- Identification of Homeless Students
- School District Responsibilities
- Unaccompanied Homeless Youth
- Preschool Children
- Community Involvement
- Special Education
- Dispute Resolutions / Complaints
- Children Who Have Recently Arrived to the U.S.
"The 100 Most Frequently Asked Questions" on the Education Rights of Children and Youth in Homeless Situations
National Association for the Education of Homeless Children and Youth, 2009
Who is considered homeless under the McKinney-Vento Act?
The McKinney-Vento Act defines homeless children and youth as individuals who lack a fixed, regular, and adequate night-time residence. The term includes children and youth who are:
- sharing the housing of other persons due to loss of housing, economic hardship, or similar reasons;
- living in motels, hotels, trailer parks, or campgrounds;
- living in emergency or transitional shelters
- abandoned in hospitals;
- awaiting foster-care placement;
- living in a primary night-time residence not used as a regular sleeping accommodation;
- living in cars, parks, public spaces, abandoned buildings, substandard housing, bus or train stations, or similar settings; and/or
- migratory children living in any of the circumstances described above.

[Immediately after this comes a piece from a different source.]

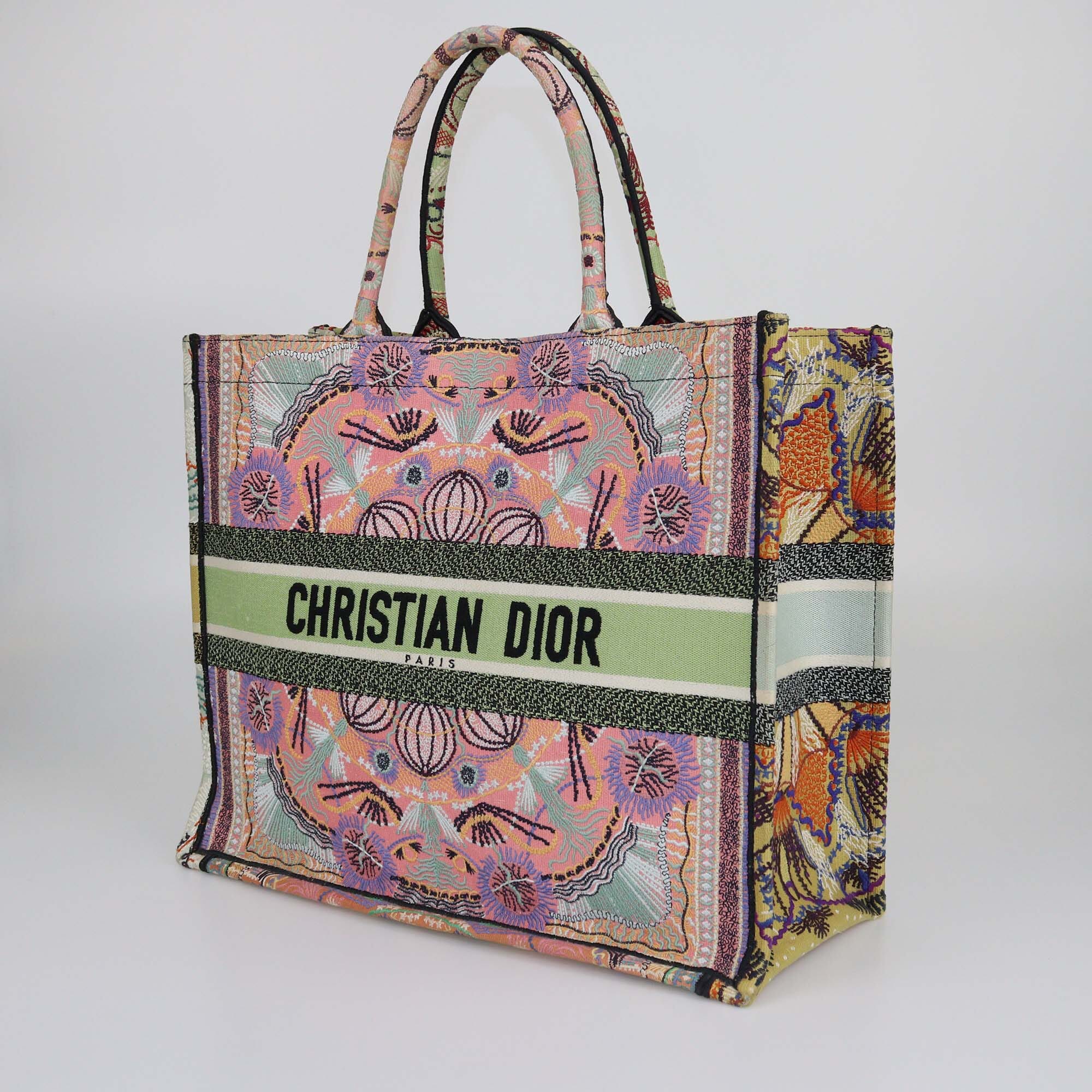 Christian Dior Multicolor Embroidered Large In Lights Book Tote Womens Christian Dior 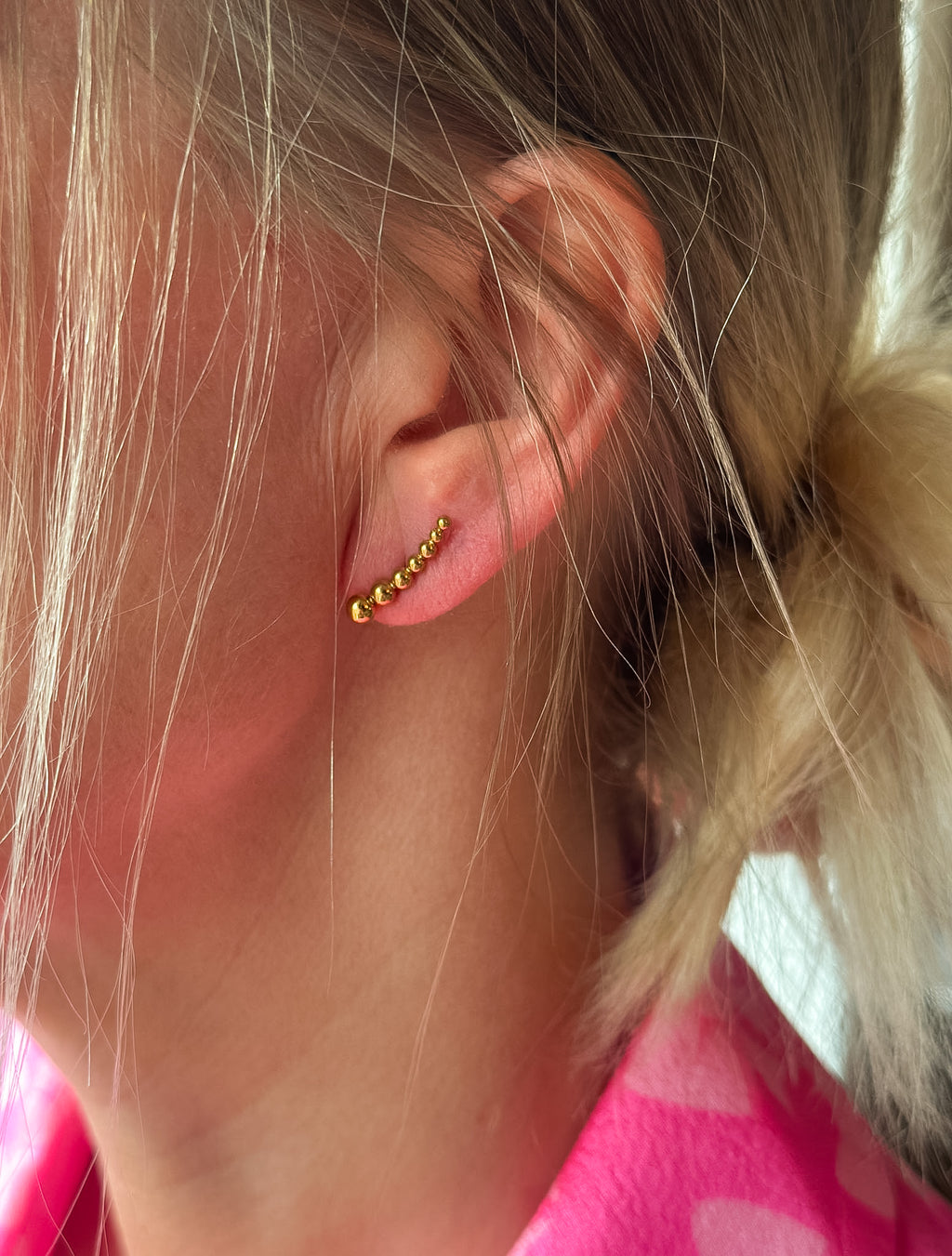 Bubble drop ørestikker guldfarvet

How many children and youth are homeless in Wisconsin?
Since the 2003-04 school year, the U.S. Department of Education (USDE) has required each state education department to conduct an annual survey of students identified as being homeless by public school districts. During the 2003-04 school year, 5,358 students were identified as homeless. At the end of the 2010-11 school year, 13,364 students were identified as being homeless in Wisconsin public schools. Homeless identification has nearly tripled in Wisconsin over the eight years that identification has been required by the USDE.
Are transitional housing programs considered a homeless situation?
Yes. The McKinney-Vento Act specifically applies to children and youth living in transitional shelters. This term includes transitional housing programs and transitional living programs.
Are children and youth who move in with relatives, friends, or other people covered by the Act?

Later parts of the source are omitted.